みんなが密かに見る夢:『怪しい彼女』の物語
A Dream We Have in Secret: the Story of Miss Granny
人間最大級の欲望はなんだろう。秦の始皇帝は不死を渇望したし、道士たちは不老不死の仙人を目ざした。太陽に近づきたかったイカロスのように、人間の限界を超えることへの憧れと恐怖は、私たちの無意識に押し込まれながらもしぶとく生き続ける。そして私たちの抑圧された心が夜中の夢に現われるように、不死や永遠の若さ、肉体と分離できる魂に対する人類最大の冒険は、我々の物語や音楽やビジョンの中に描かれ続けている。
恐怖の『ドラキュラ』がいれば、『トワイライト』の永遠の若さを持つエドワードがいる。『インターステラー』のクーパーは宇宙の歪んだ空間を移動したことで過去の自分と遭遇したし、『恋はデジャ・ブ』のフィルは朝起きても前日と同じようにくり返される時間のループの中で、自分自身を変えることで幸せな恋を獲得できた。『奇蹟の輝き』ではクリスが自分の死から帰還し、ときには母と娘の魂が、また男と女の魂が入れ替わる。
ここにきて、おなじみの「若返りシリーズ」に新しい映画が加わった。『あやしい彼女』である。韓国版(日本公開時の邦題は『怪しい彼女』)を原作とする同作は、今まで中国版(『重返20岁』)、ベトナム版(『Em Là Bà Nội Của Anh』)が作られ、このたび日本版の披露となった。このリメイクは、タイ、インドネシア、ドイツ、ハリウッドと続きそうだ。
同じ原作がいくつかの国でリメイクされるのは、この映画がはじめてではない。日本のマンガ『花より男子』が原作の台湾テレビドラマ『流星花園 -Meteor Garden-』は、アジア中で大ヒットした。その後、韓国版と日本版のテレビドラマが次々に製作された。いずれも大人気となり、ファンたちに各国のバージョンを比較しながら観る楽しみを与えた。

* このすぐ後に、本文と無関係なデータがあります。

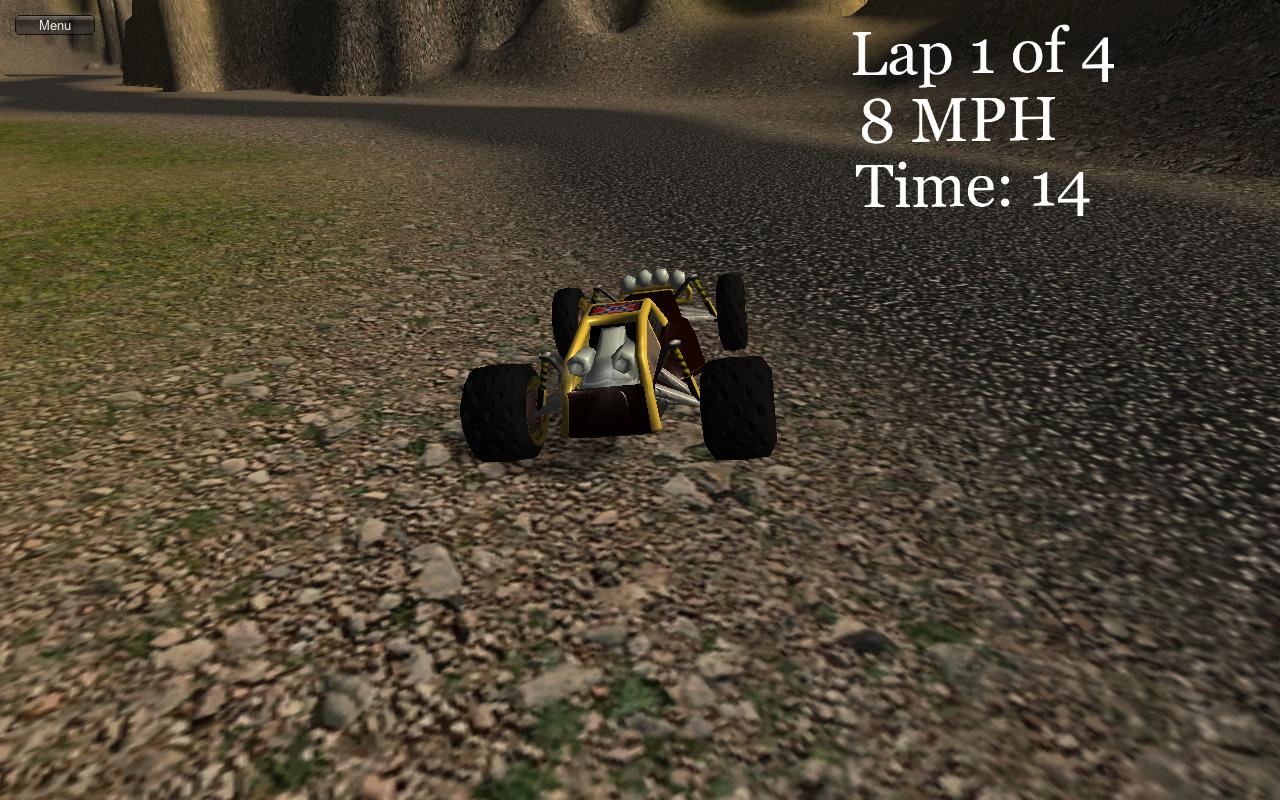 Rally Racer 1.0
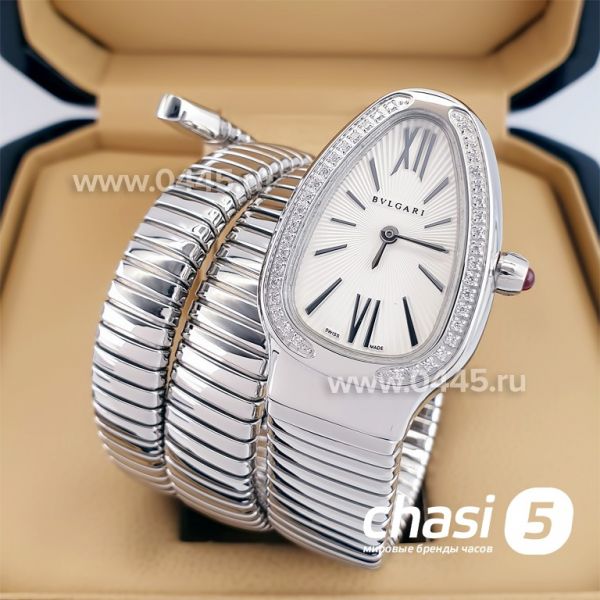 Часы Bvlgari Serpenti Tubogas Watch (23579) Часы Bvlgari Serpenti Tubogas Watch (23579)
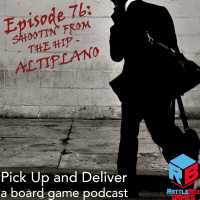 076: Shootin from the Hip - Altiplano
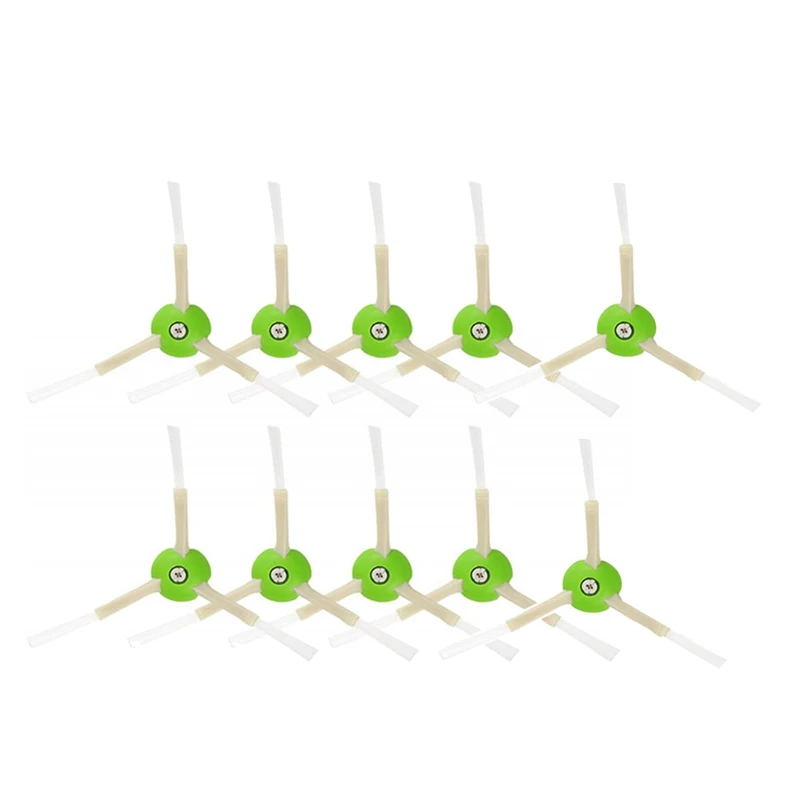 

10 Pack Spare Parts For Irobot Roomba I3 I4 I6 I7 I8 J7 E5 E6 E7 Robot Vacuum Cleaner Accessories Replacement Side Brush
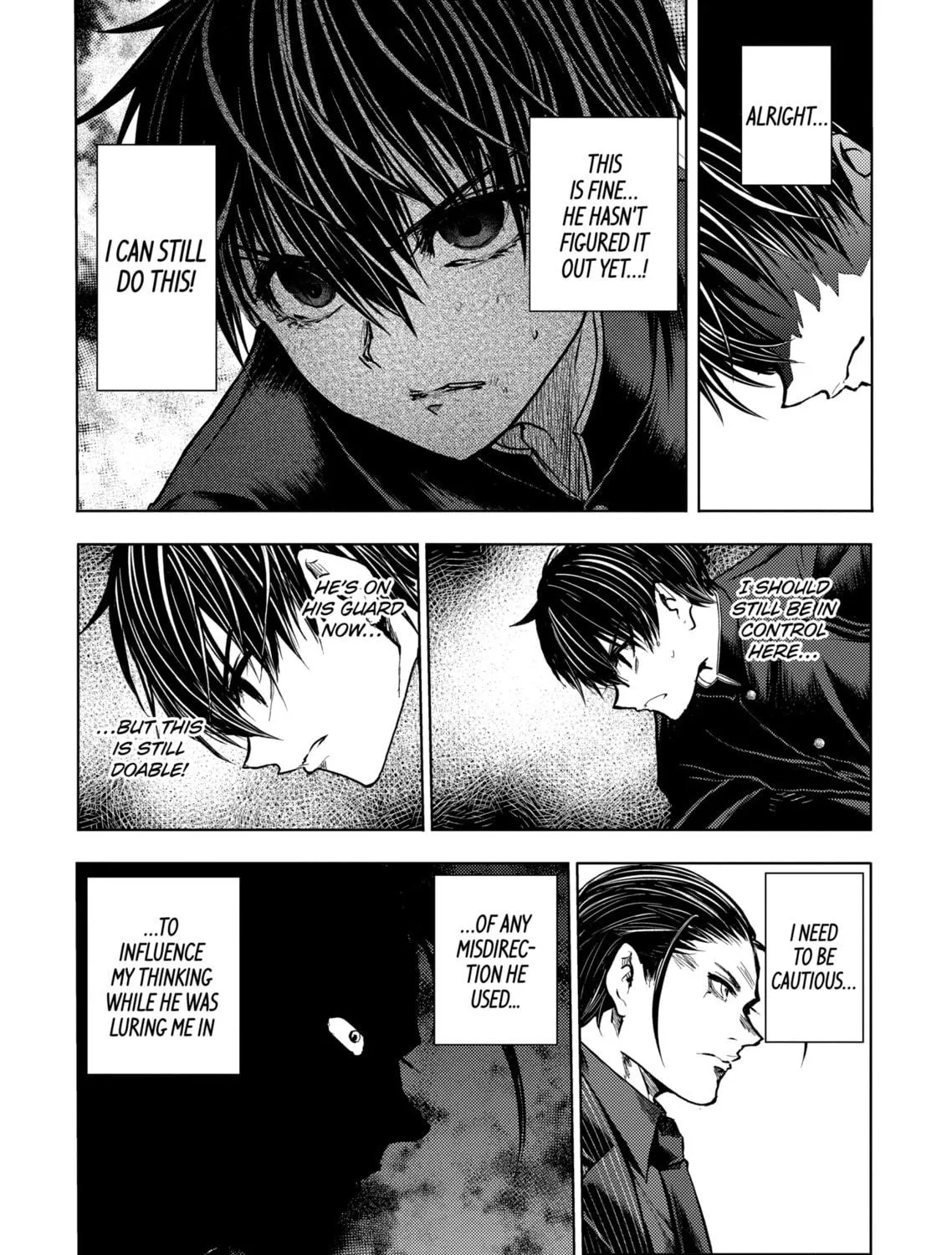 Read Battle in 5 Seconds chapter 201 image 4 on Lezhin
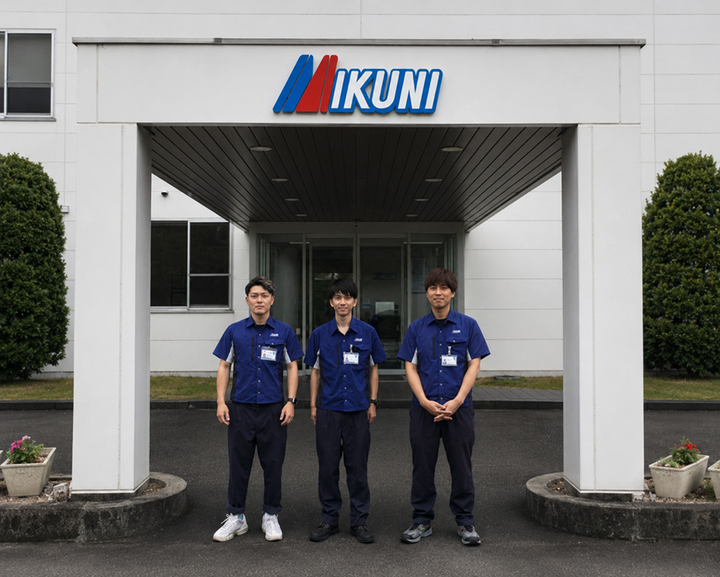 【生産技術DX/デザインレビュー】Scene Issues を自動車・二輪部品大手の株式会社ミクニが導入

今回の『怪しい彼女』は、映像のビジネス的な観点からすると、同じ多国リメイクでも『花より男子』とはすこし異なる流れを持っている。この映画は企画の段階から多国リメイクを視野に入れて出発したのである。多くの国で共感を得られそうな内容を開発し、それぞれの国の文化と観客趣向を適切に反映するというものである。その意味で『怪しい彼女』は、マルチ企画や適切な現地化の最も成功した事例といえる。
『怪しい彼女』における「若返り」は、忘れられ、叶えなられかったことをもう一度求める私たちの夢物語である。今回の『怪しい彼女』は、70代のおばあさんが20歳の自分に戻ることでいろいろなことが起こるという話。人間の原初的な夢を反映する若返りの典型的なストーリーでありながら、この映画が数カ国でリメイクされるほどの人気が出るのはなぜか。どこが面白いのだろうか。
その理由は、なじみのある展開を各国の感性に合うように解釈しているだけではなく、各国女優たちの可愛らしさと演技のうまさ、また家族愛に回帰するストーリーの安心感があるからだと思う。しかしながら、なにより大事なポイントは音楽である。選曲の瞬発力と感性である。テレビのプロデューサーに抜擢された主人公がカメラの前で歌を歌う。彼女の頭に浮かぶのは、愛する人を亡くし、女一人で子供を養っていかなければならなかった厳しい人生であった。彼女の目からは一粒の涙が落ちる。この場面を作るのは、彼女たちが歌う韓国の『白い蝶々(하얀나비)』であり、中国の『微甜的回忆(すこし甘い思い出)』であり、日本の『悲しくてやりきれない』である。
ポストモダン的な状況においてもてはやされるポピュラー・カルチャーは、新しい創作ではなく、リメイクとパロディであると言われる。しかし、「若返りシリーズ」が作り続けられているわけは、大衆文化やメディア的論理だけでは説明しきれない、人間の潜在的欲望がみる夢にあるのではないかと思う。